Yes, some P-11s have a problem with the take-down pin working loose. I have had one about five years and, except for one or two minor problems during break-in, it has seen daily use and I would, if necessary, stake my life on it.
Some things an owner can do to improve the performance of the P-11 include:
* Polish the feedramp and the slide/hammer interface with a Dremel tool.
* Polish the slide rails to take out small machining burrs.
* Use a good grease (I use Slick50) on the slide rails and the slide/hammer.
* Use a good oil (I use Mili-Tech 1) on all moving parts.
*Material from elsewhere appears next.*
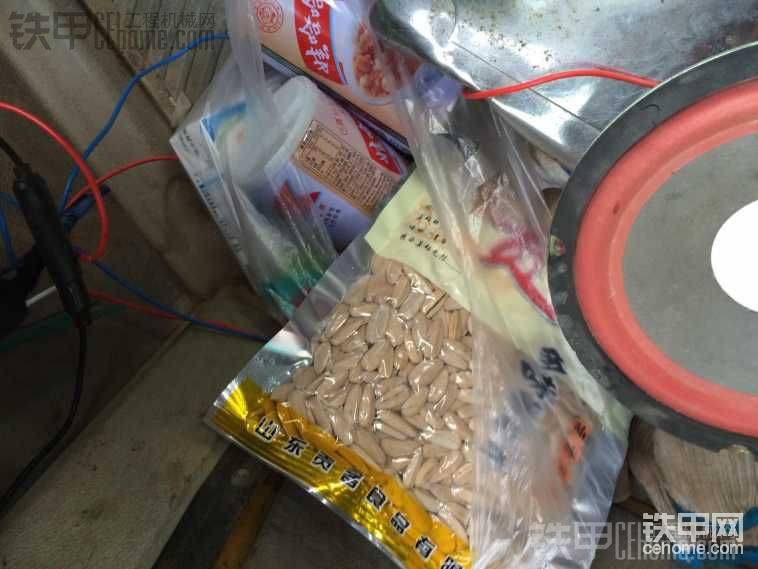 發(fā)瓜子了啊，人人都有不要搶。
* Install a Hogue Hand-All Jr. slip-on grip. This lessens perceived recoil.
* Be sure the P-11 has the 8.5-pound hammer spring.
The metal guide rod is a good addition, as is a trigger shoe. The addition of the “pinky rest” to the magazine makes the weapon fit larger hands.
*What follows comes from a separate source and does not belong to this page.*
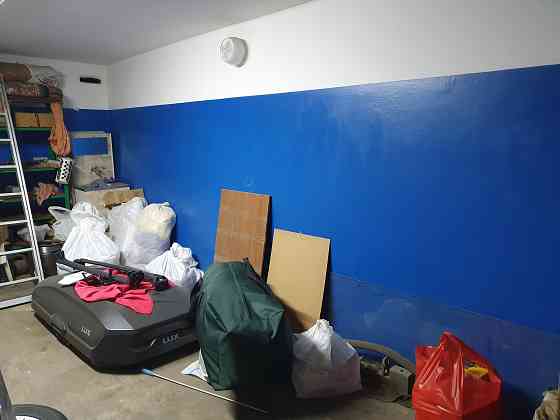 Гараж 19 кв.м. гк Центральный, ул.Октябрьская 2а Донецк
May I suggest you visit the Kel-Tec Owners Group (approximately 1200 strong) at www.ktog.org for more information on Kel-Tec products. KTOG is not affiliated with Kel-Tec, beyond being composed of Kel-Tec owners.
-Michael E. Anderson
I just received the April 2001 issue of Gun Tests. While reading your excellent review on Specialty Turkey guns, I did notice something that I would like to call to your attention.
The header within the article for the Remington 870 SPS-T actually reads Remington 870 Express SPS-T. This is not quite accurate as the 870 Special Purpose shotguns do differ somewhat from the Express line.
However, I do feel that in your comparative analysis, the 870 Express Super Magnum Turkey Camo would stack up rather well competitively to the Mossberg 835. The 870 Express Super Magnum Turkey Camo comes fully camouflaged in Advantage Camo, and is equipped with a Turkey Extra Full choke tube. MSRP on this firearm is $500.
I enjoy reading your publication and will no doubt continue to do so in the future.
-John C. Trull
Product Manager, Firearms
Remington Arms Co., Inc.
Please do not let your friend “bend the sight blade left” on his Colt SAA (April 2001). Not before he prices replacing a broken front sight. Have a good gunmonkey twist the barrel tighter instead. I have a small accumulation of SAA shooters and a beautiful barrel with a broken front sight.
Murphy rules the word “bend” in every land.